FF-DSA (henceforth “DSA”) has always been an oddity on Apple platforms. This is a proposal to remove it from macOS.

• FIPS 186-5 has withdrawn recommendation for DSA.
• Apple never fully supported it. It was never supported on iOS / tvOS at all.
• The support that Apple does have on macOS is limited to importing existing keys. It cannot generate DSA keys.
• It never supported FIPS 186-3 DSA keys, limiting it to DSA 1024 with SHA-1.
• Apple’s implementation is based on CSSM. It is not thread safe in certain circumstances and results in crashes. SIGSEGV when independent DSA keys are concurrently disposed #71738 System.Security.Cryptography.Csp.Tests failing on macOS x64 Debug #104172
• It is the only remaining use of Apple’s deprecated SecurityTransforms API. Apple never implemented DSA elsewhere like RSA, ECDSA, etc.
• DSA is not supported in many contexts in .NET already.
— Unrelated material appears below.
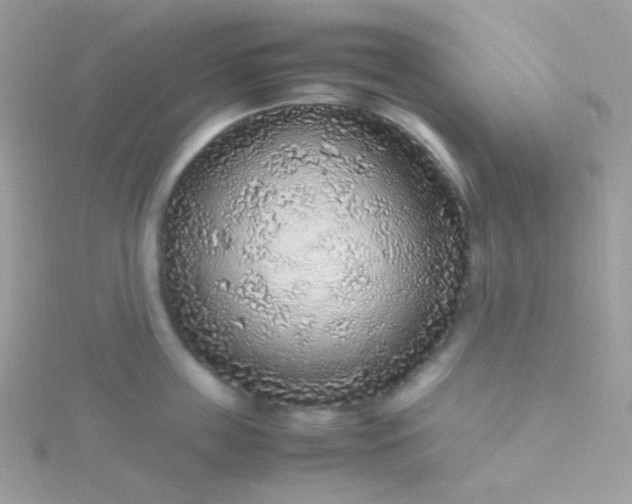 X0000115600859200911241553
They don’t work with SslStreamCertificateContext, CertificateRequest, etc.
• Apple does not support it in their TLS stack, so support is basically limited to primitive use.
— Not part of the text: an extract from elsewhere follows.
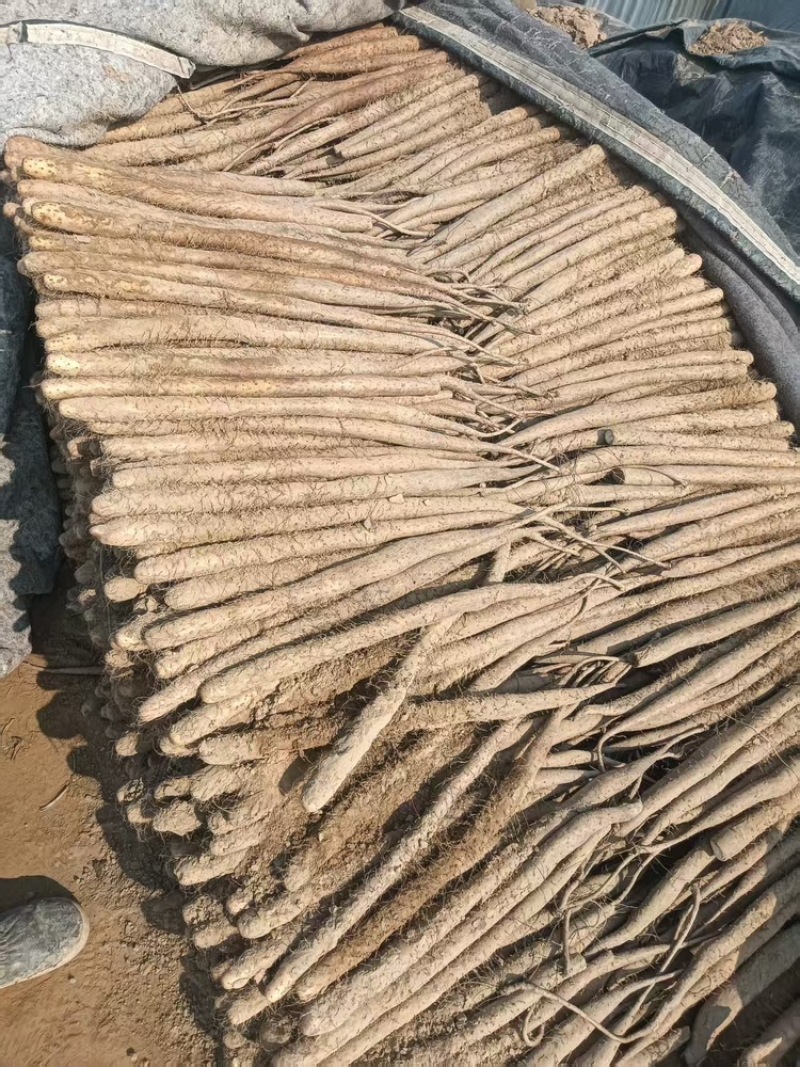 白玉山药，基地直供，可对接全国，可视频看货，欢迎咨询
Seems like there is very little reason to keep it around on macOS.

[dotnet-policy-service]

Tagging subscribers to this area: @dotnet/area-system-security, @bartonjs, @vcsjones
See info in area-owners.md if you want to be subscribed.

[bartonjs]

Honestly, we could probably just drop FF-DSA altogether and no one one notice, but dropping it actually takes work.

In this case, the work has a benefit of removing a legacy dependency... so... yeah, it seems reasonable (for 11).